Adolf Ignaz Mautner was later made a knight of the Order of the Iron Crown, receiving the hereditary title “Ritter Mautner von Markhof”. While his brewing business was merged with the breweries of Klein-Schwechat and Simmering in the early 20th century to form a public limited company, the Mautner Markhof family remained in the food business. While family sold their business to German food company Develey, Mautner Markhof still exists as a brand in Austria, for products such as mustard (and other condiments), vinegar and pressed yeast.

And that’s how baking yeast has historically been the same as (top-fermenting) brewers yeast, and how its production was turned into an own industry by a brewer using beer brewing methods.
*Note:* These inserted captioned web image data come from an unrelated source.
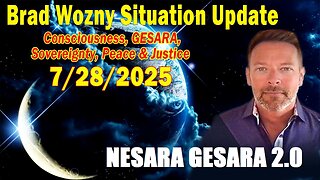 Brad Wozny Update July 28: "GESARA, Sovereignty, Peace & Justice"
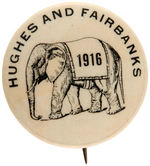 CARTOON ELEPHANT WITH "1916" BLANKET BENEATH TEXT "HUGHES AND FAIRBANKS" RARE BUTTON.
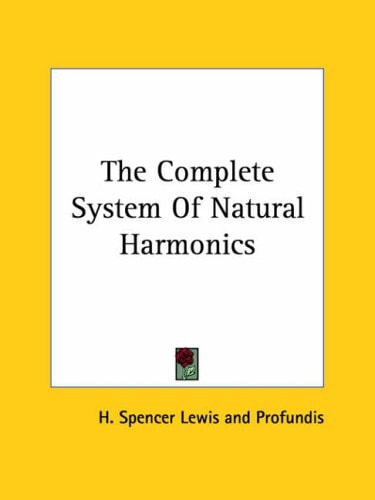 The Complete System of Natural Harmonics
4 thoughts on “The History of Modern Baking Yeast”

  1. Nice post Andreas! First, it seems there is a typo here: After about 10 to 12 years…

    I’m wondering if the relationship between brewers and bakers was similar across Europe at the time.

    Anyway, now I want to bake some bread with different strains of yeast to see if they make specific flavor contributions 🤪… Have you baked bread with brewing yeast? Cheers!

    1. Thanks, fixed it!

      I’m fairly sure that this relationship existed in most other places. I specifically focused on Vienna because the historic literature pointed out the close working relationship of brewers and bakers, and how it got strained through the introduction of bottom fermentation.

      I haven’t tried baking with brewing yeast yet, but I’ve read lots of other people do it. We still have yeast at home, but the next time I have some slurry left, I shall try it for sure.

      1. The part about bottom fermentation was very interesting. Makes total sense, but it is one of those things you don’t usually think about.

        I’m going to bake some bread with brewers yeast slurry too. Let’s share the results over Instagram!

  2. Great article, wish I’d found this a few weeks ago. Last week I baked a loaf using the slurry from a NEIPA I brewed. Unfortunately the bread is quite bitter from the amount of dry hops, especially the crust. For my next beer I brew I’ll be top cropping and trying that instead. The bread did look great and had a much better form than my sourdough loaves.